Lee says that in the winter of 1843-1844 Smith set one Sidney Hay Jacobs to writing a pamphlet giving selections from the Scriptures bearing on the practice of polygamy and advocating that doctrine. The appearance of this pamphlet created so much unfavorable comment (even Hyrum Smith denouncing it "as from beneath") that Joseph deemed it best to condemn it in the Wasp, although men in his confidence were busy advocating its teachings.
The "revelation" sanctioning plural marriages is dated July 12, 1843, and Lee says that Smith "dared not proclaim it publicly, "but taught it "confidentially," urging his followers "to surrender themselves to God" for their salvation; and "in the winter of 1845, meetings were held all over the city of Nauvoo, and the spirit of Elijah was taught in the different families, as a foundation to the order of celestial marriage, as well as the law of adoption."9 The Saints were also taught that Gentiles had no right to perform the marriage ceremony, and that their former marriage relations were invalid, and that they could be "sealed" to new wives under the authority of the church.9 "Mormonism Unveiled," p. 165. to the next world, and there deliver them up to him; by so doing they would gain his approbation." -- "Narrative of Some of the Proceedings of the Mormons."
Lee gives a complete record of his plural marriages, which is interesting, showing how the business was conducted at the start. His second wife, the daughter of a wealthy farmer near Quincy, Illinois, was "sealed" to him in Nauvoo in 1845, after she had been an inmate of his house for three months. His third and fourth wives were "sealed" to him soon after, but Young took a fancy to wife No. 3 (who had borne Lee a son), and, after much persuasion, she was "sealed" to Young. At this same "sealing" Lee took wife No. 4, a girl whom he had baptized in Tennessee. In the spring of 1845 two sisters of his first wife and their mother were "sealed" to him; he married the mother, he says, "for the salvation of her eternal state." At the completion of the Nauvoo Temple he took three more wives. At Council Bluffs, in 1847, Brigham Young "sealed" him to three more, two of them sisters, in one night, and he secured the fourteenth soon after, the fifteenth in 1851, the sixteenth in 1856, the seventeenth in 1858 ("a dashing young bride"), the eighteenth in 1859, and the nineteenth and last in Salt Lake City. He says he claimed "only eighteen true wives," as he married Mrs. Woolsey "for her soul's sake, and she was nearly sixty years old." By these wives he had sixty-four children, of whom fifty-four were living when his book was written.

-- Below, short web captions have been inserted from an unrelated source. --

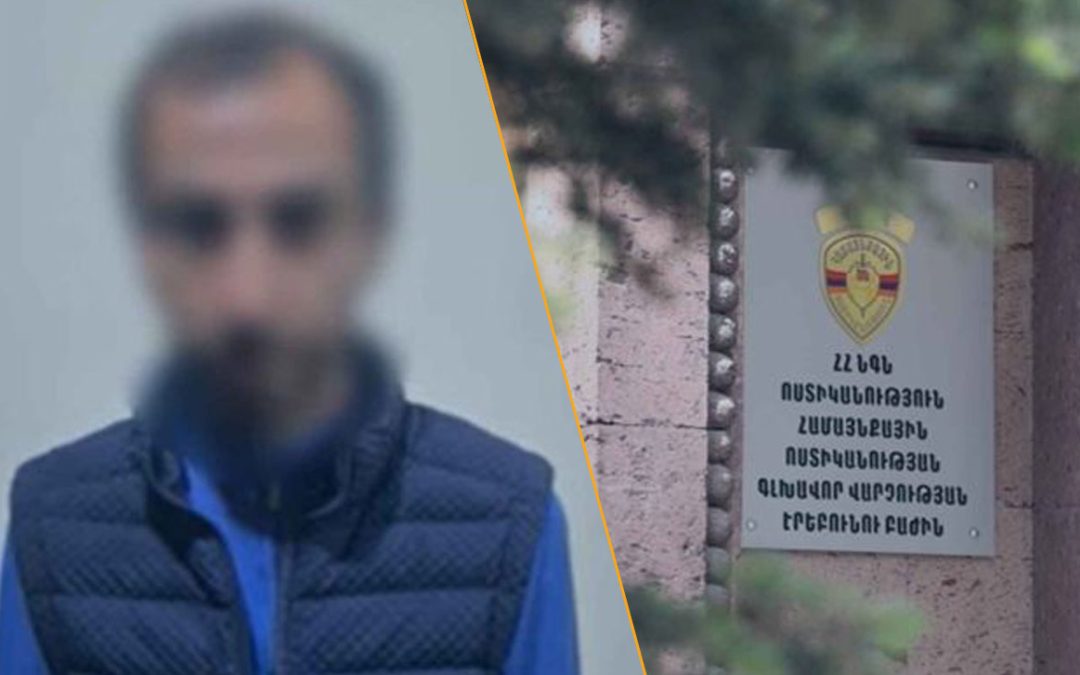 ՆԳՆ հաշվառման-քննական բաժիններում քաղաքացիներին հերթագրելու դիմաց տղամարդը 25-50 հազար դրամ է պահանջել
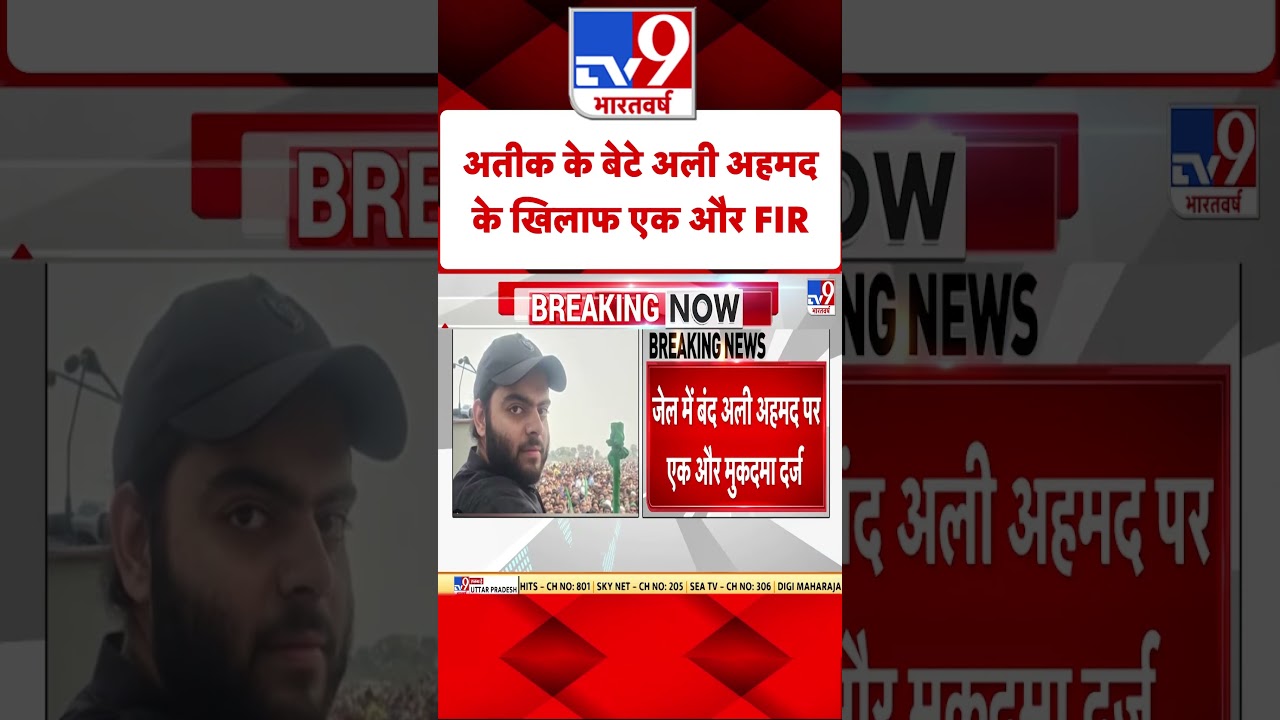 Atiq के बेटे Ali Ahmed के खिलाफ एक और FIR|#shorts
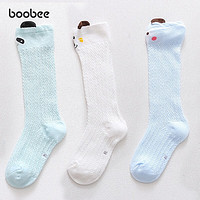 BOOBEE 布比 婴儿网眼中筒袜 3双装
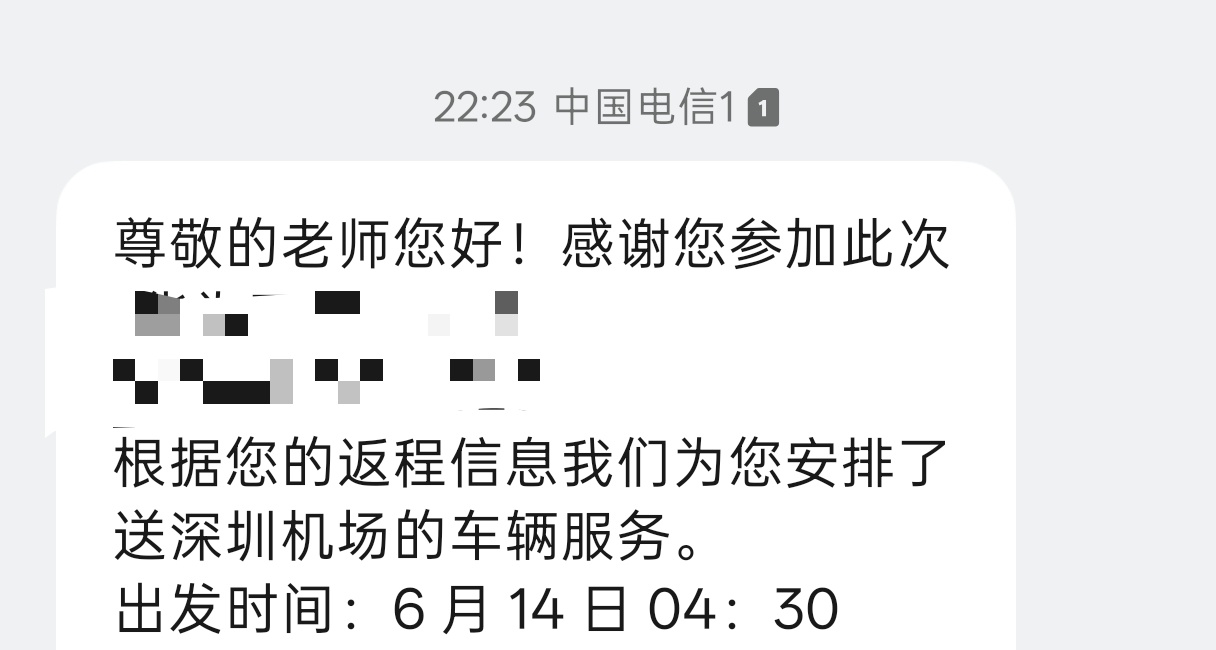 为了体验蚌埠滕湖机场明天得4:30起床去深圳宝安小城市每天只有一个航班但我算了一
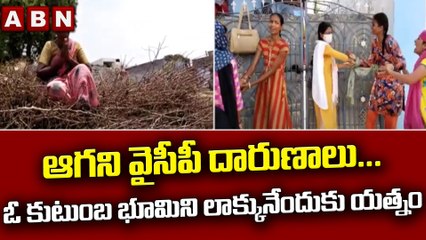 ఆగని వైసీపీ దారుణాలు...ఓ కుటుంబ భూమిని లాక్కునేందుకు యత్నం  || YCP || ABNTelugu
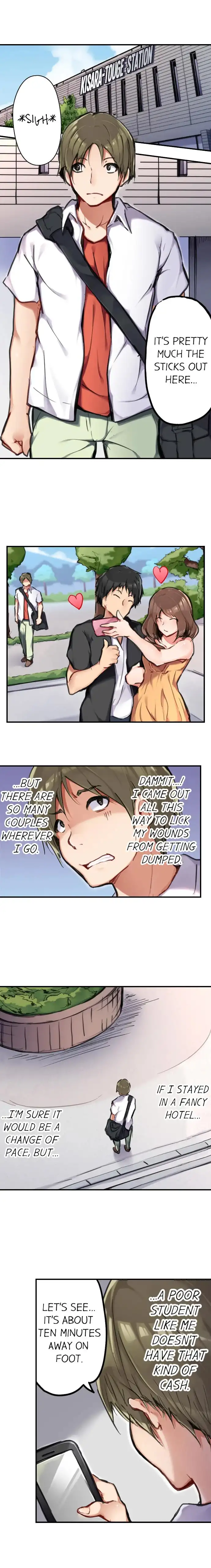 [Daiki Fuun]All Night Sex with Biggest Cock(Complete) [English] {Hipertoon} Page 3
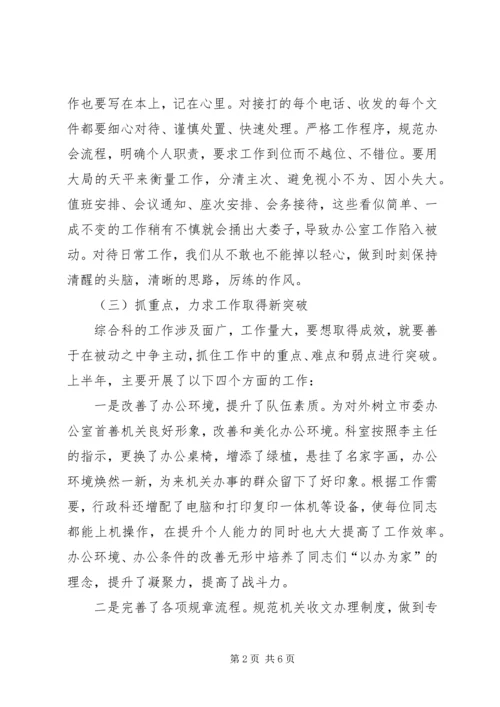 综合科上半年工作总结暨下半年工作计划 (2).docx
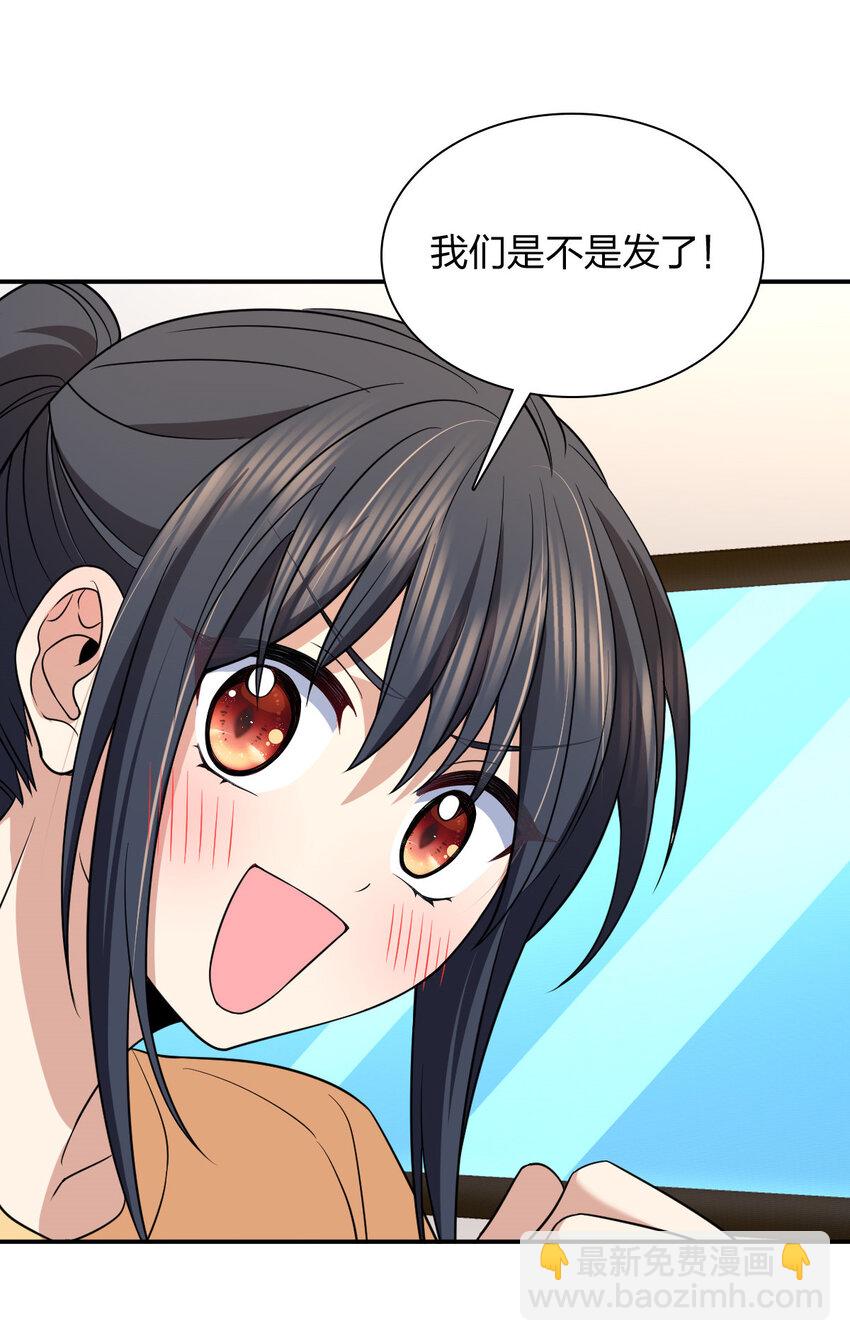 186 186(1/2)-第189话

Ebenezer Robinson, explaining in the Return a statement signed by him and his wife in October, 1842, to offset Bennett's charges, in which they declared that they "knew of no other form of marriage ceremony" except the one in the "Book of Doctrine and Covenants," said that this statement was then true, as the heads of the church had not yet taught the new system to others. But they had heard it talked of, and the prophet's brother, Don Carlos, in June, 1841, had said to Robinson, "Any man who will teach and practise spiritual wifery will go to hell, no matter if it is my brother Joseph." Hyrum Smith, who first opposed the doctrine, went to Robinson's house in December, 1843, and taught the system to him and his wife. Robinson was told of the "revelation" to Joseph a few days after its date, and just as he was leaving Nauvoo on a mission to New York. He, Law, and William Marks opposed the innovation. He continues: "We returned home from that mission the latter part of November, 1843. Soon after our return, I was told that when we were gone the 'revelation 'was presented to and read in the High Council in Nauvoo, three of the members of which refused to accept it as from the Lord, President Marks, Cowles, and Counsellor Leonard Soby." Cowles at once resigned from the High Council and the Presidency of the church at Nauvoo, and was looked on as a seceder.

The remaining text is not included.